» **Short descriptive text snippets**
+-------+
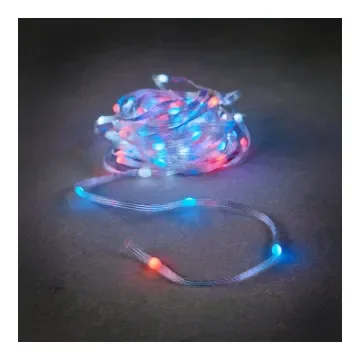 NO DISPONIBLE - Multicoloured LED Garland with Remote - 72380 product image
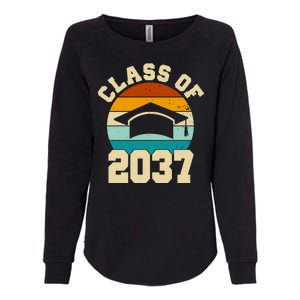 Class Of 2037 Kindergarten Graduation Retro Womens California Wash Sweatshirt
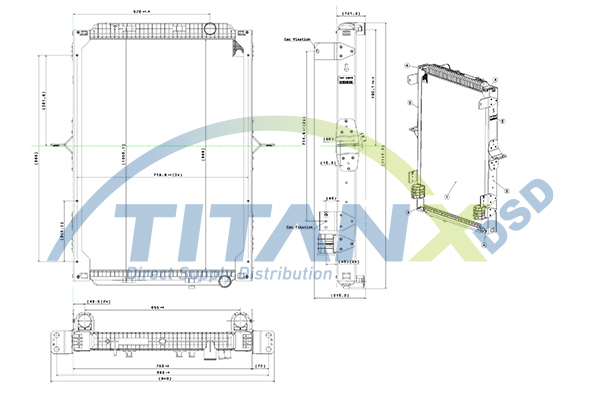 Radiator, racire motor RX169017 TitanX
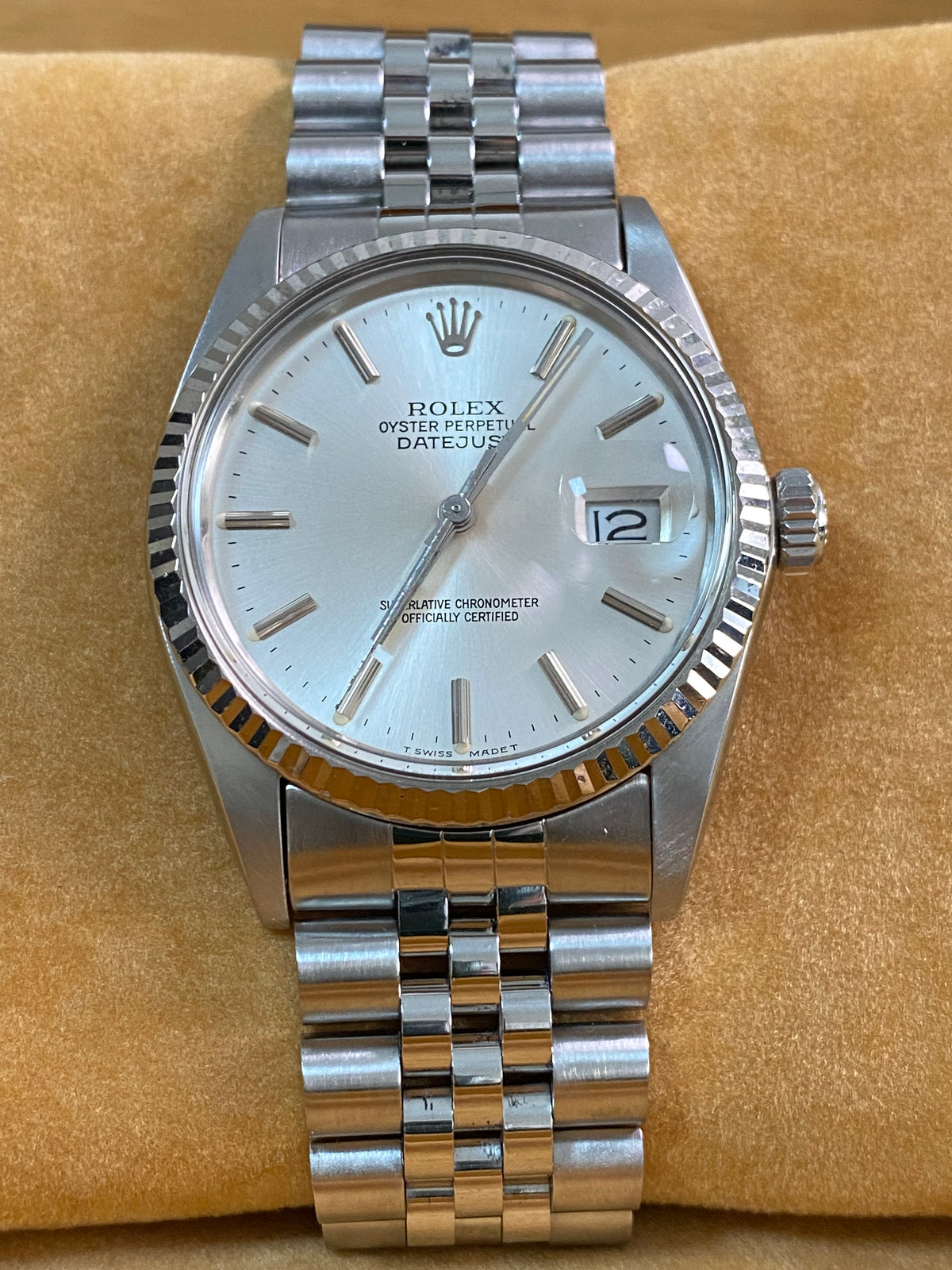 Rolex Steel Datejust 36 - 1985 - Fluted Bezel - Silver Index Dial - Jubilee Bracelet - 16014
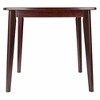 Pauline Dining Table Walnut - Winsome: Solid Wood, Square Shape, Seats 4 - image 4 of 4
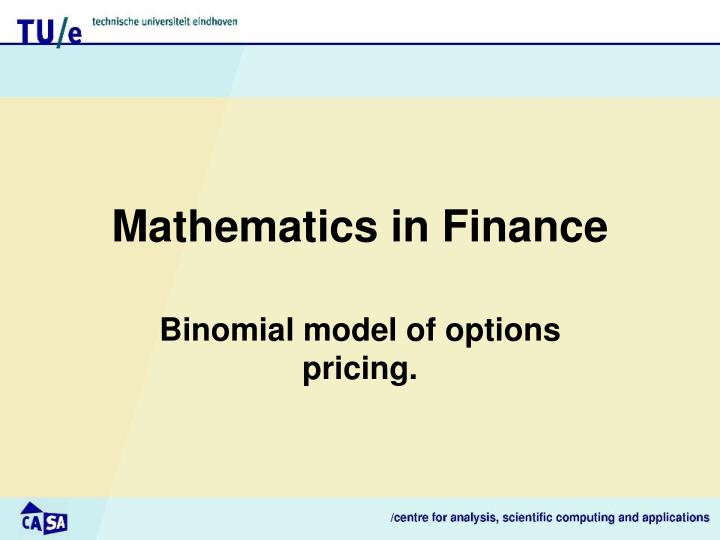 mathematics in finance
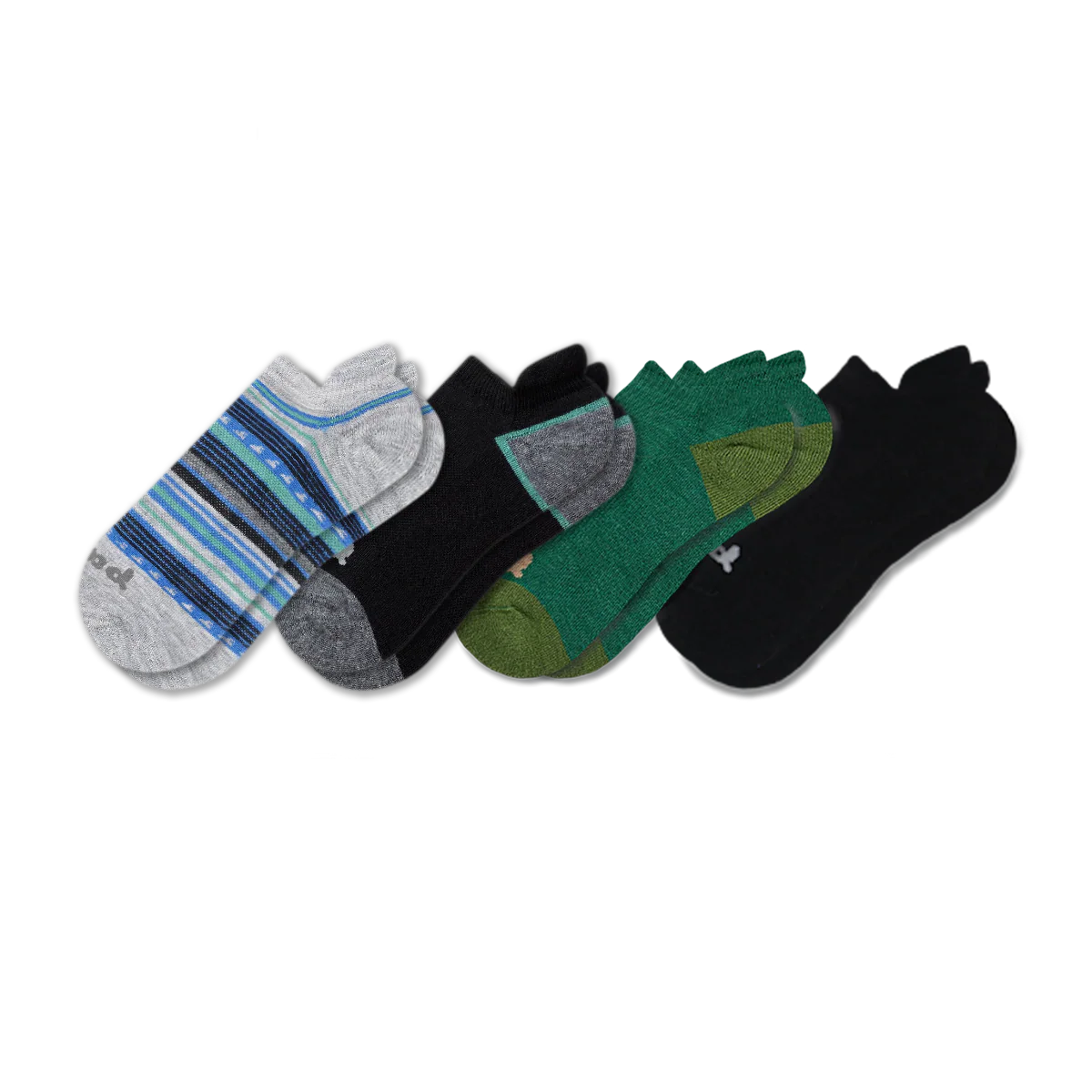 4 Pack - Men's Low Cut Pacas Socks - Image 155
+-------+
» **What to work on**
Copy each entry exactly as written. Pictures do not belong in the copy.

» **Finished task**
 NO DISPONIBLE - Multicoloured LED Garland with Remote - 72380 product image
 Class Of 2037 Kindergarten Graduation Retro Womens California Wash Sweatshirt
 Radiator, racire motor RX169017 TitanX
 Rolex Steel Datejust 36 - 1985 - Fluted Bezel - Silver Index Dial - Jubilee Bracelet - 16014
 Pauline Dining Table Walnut - Winsome: Solid Wood, Square Shape, Seats 4 - image 4 of 4
 mathematics in finance
 4 Pack - Men's Low Cut Pacas Socks - Image 155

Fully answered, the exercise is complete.